Predictive Failure Analysis (PFA) is designed to predict potential problems with your systems. PFA extends availability by going beyond failure detection to predict problems before they occur. PFA provides this support by using remote checks from IBM Health Checker for z/OS to collect data about your installation. Using this data, PFA constructs a model of the expected or future behavior of the z/OS images and compares the actual behavior with the expected behavior. If the actual behavior is abnormal, PFA issues a health check exception.

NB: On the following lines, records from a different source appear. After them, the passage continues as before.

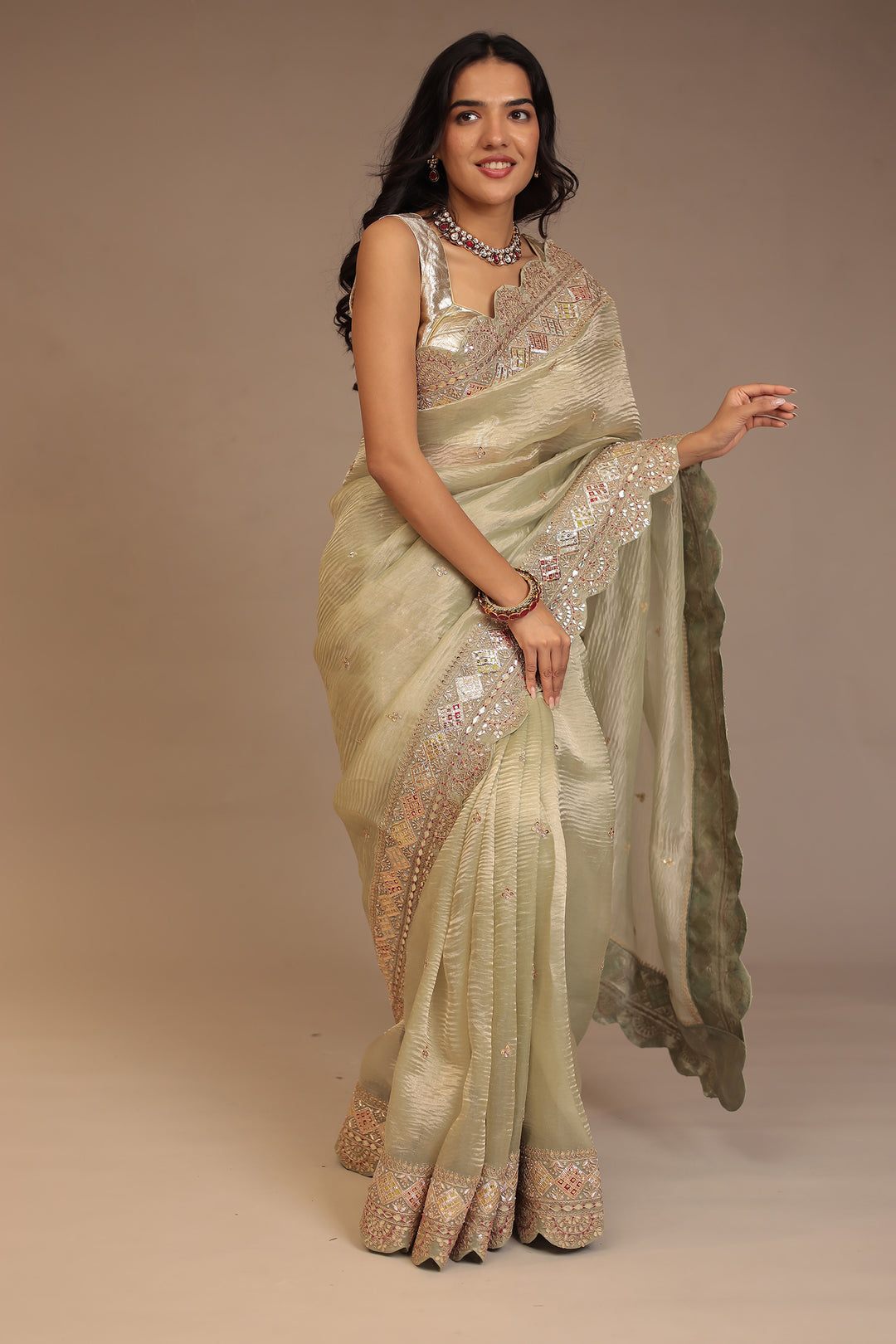 Tissue Saree with Dori, Gota Patti, Mirror, Pearl, Sequins, Zardozi work.
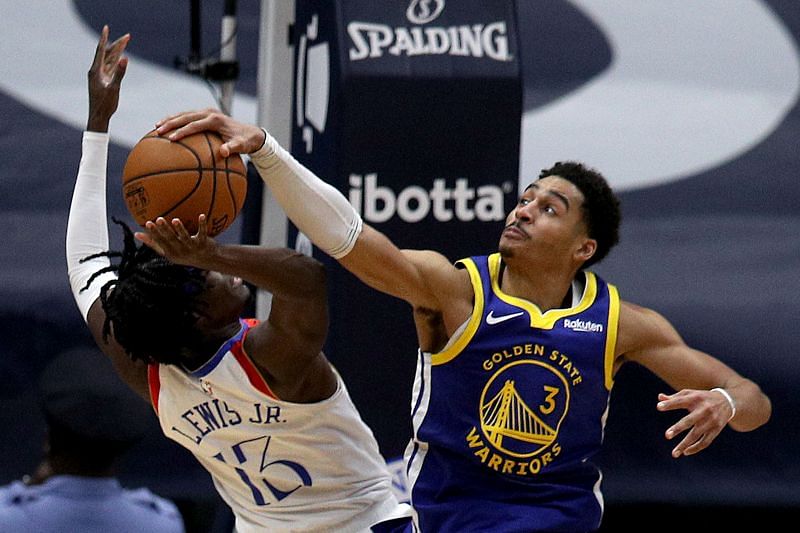 Jordan Poole blocks a shot (right)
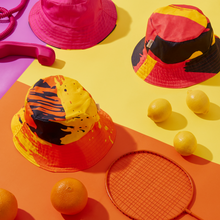 Load image into Gallery viewer, Reversible bucket hats featuring fun bold patterns, made with cotton drill and a layer of infusible fabric. Vibrant colors on the inside. A stylish accessory for festivals and outdoor events.p with lemons oranges and a racket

PFA uses a z/OS UNIX System Services (z/OS UNIX) file system to manage the historical and problem data that it collects.

The following image displays an LPAR view of the PFA components:

LPAR view of the Predictive Failure Analysis components illustrating how PFA creates the report output described here. — Figure 1. LPAR view of the PFA components

PFA creates report output in the following ways:

In a z/OS UNIX file that stores the list of suspect tasks. The individual checks contain descriptions of the directory and file names.
In an IBM Health Checker for z/OS report that is displayed by z/OS System Display and Search Facility (SDSF) and the message buffer.
Your installation can also set up IBM Health Checker for z/OS to send output to a log stream. After you set it up, you can use the HZSPRINT utility to view PFA check output in the message buffer or in the log stream. For complete details, see Using the HZSPRINT utility in IBM Health Checker for z/OS User's Guide.

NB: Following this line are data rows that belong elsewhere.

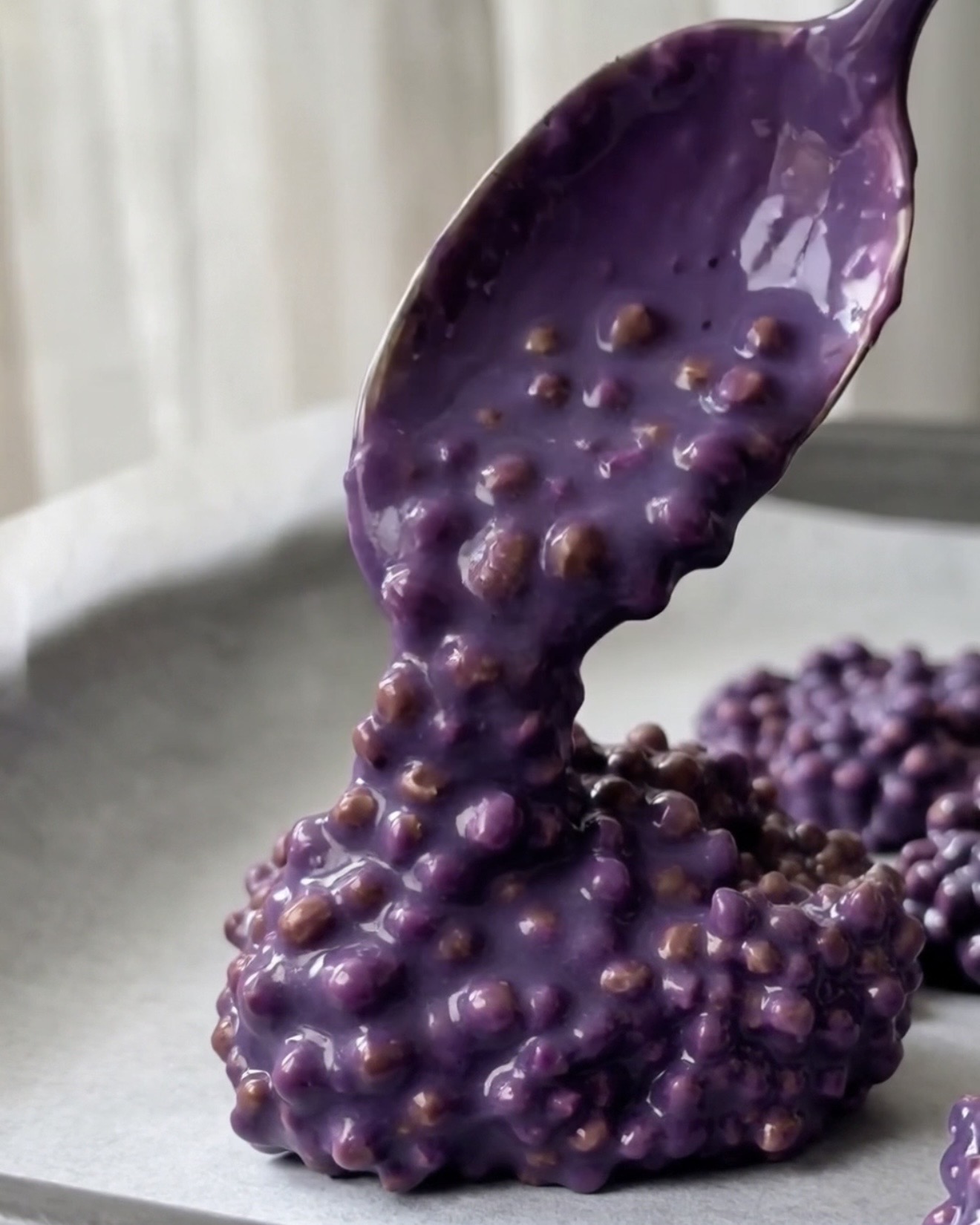 Cucharadas de mezcla de quinoa ube en discos sobre papel de horno para bocaditos de quinoa ube y pistacho Ube Nolia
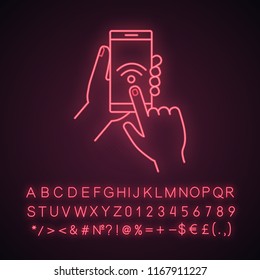 Hands holding NFC smartphone neon light icon. NFC phone. Near field communication. Mobile phone contactless payment. Glowing sign with alphabet, numbers and symbols. Vector isolated illustration
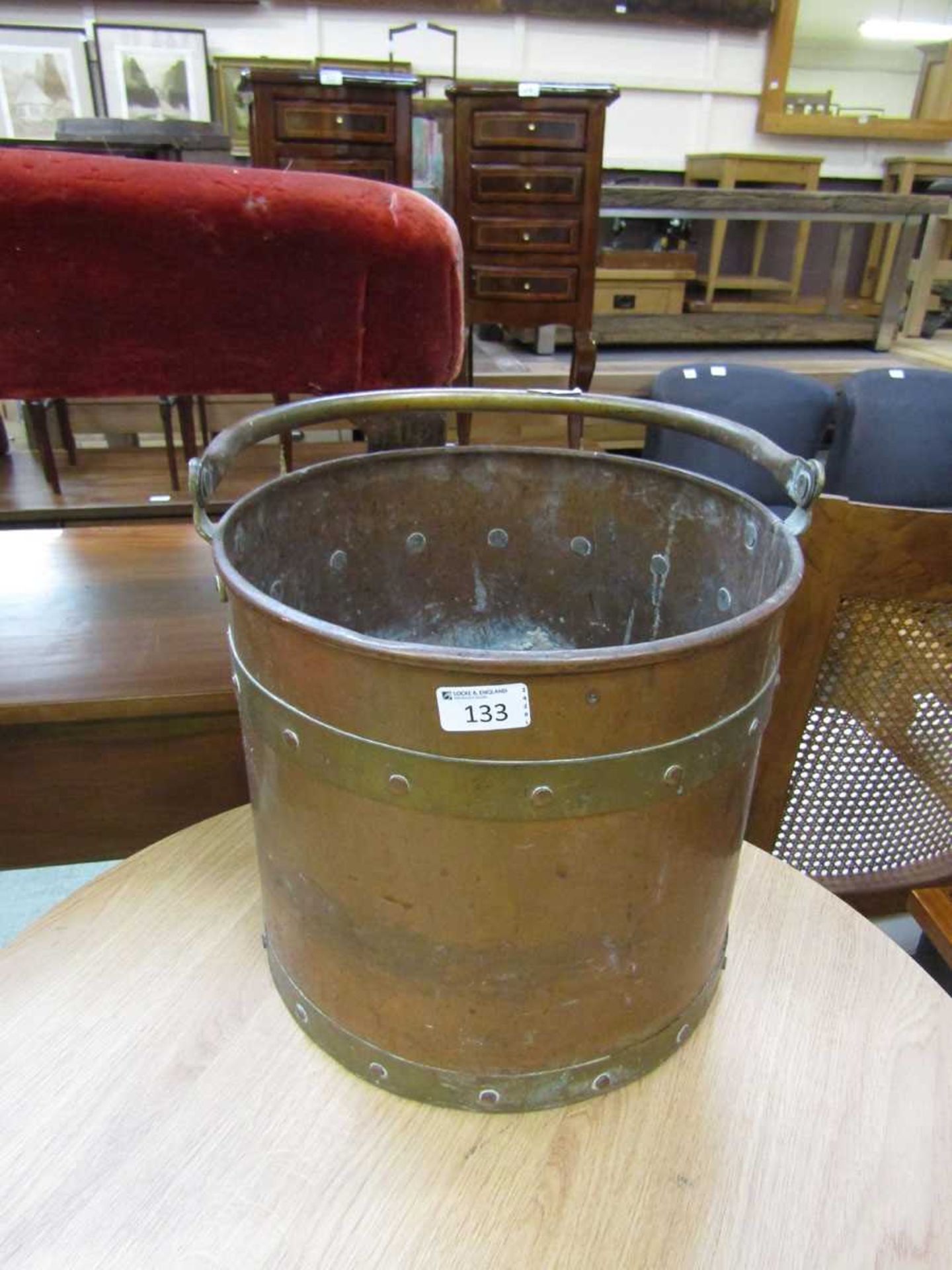 A brass and copper banded coal bucket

How PFA works with a typical remote check

PFA_COMMON_STORAGE_USAGE is a remote check that evaluates the common storage use of each system. PFA, running in its own address space, periodically collects common storage area (CSA + SQA) data from the system on which the check is running. The check writes the CSA usage data, at intervals, to a z/OS UNIX file. The check identifies a list of common storage users that are abnormal and that might contribute to exhausting common storage. PFA issues an exception message to alert you if a potential common storage problem exists and provides a list of suspect tasks. You can then examine the list and stop the cause of the potential problem or move critical work off the LPAR.

How PFA interacts with IBM Health Checker for z/OS

When PFA issues an exception, the PFA check does not continue to issue exceptions to the console until the check determines a new exception must be issued or the exception resolves. For some checks, the new exception is always issued after a new model occurs. For other checks, the data must change significantly or the exception message must be different. For all checks, the check continues to run at the defined interval and makes the latest exception report data available using the CK panel in SDSF.

How PFA starts the modeling predictions JVMs

For each PFA check, a unique PFA exception check based JVM hosting address space is started and stopped as needed for machine learning prediction modeling. The JVMs hosting the modeling are started by using a BPX (OMVS) created process, which terminates after a time and are re-created as needed. These created processes follow the WLM Service Definition classification rules for the OMVS subsystem. The OMVS Jobnames are constructed from the PFA Started Task’s Jobname that is concatenated with a value of 1 through 9. There can be more than one of the same name at any time. Each PFA check has a separate created process that can start at the same or different times. During PFA focused analysis, or when a model rebuild is required, the OMVS processes can run as frequently as 1, 5, or 15 minutes after the most recent comparison. Otherwise, the JVMs run at the default of 12 hours.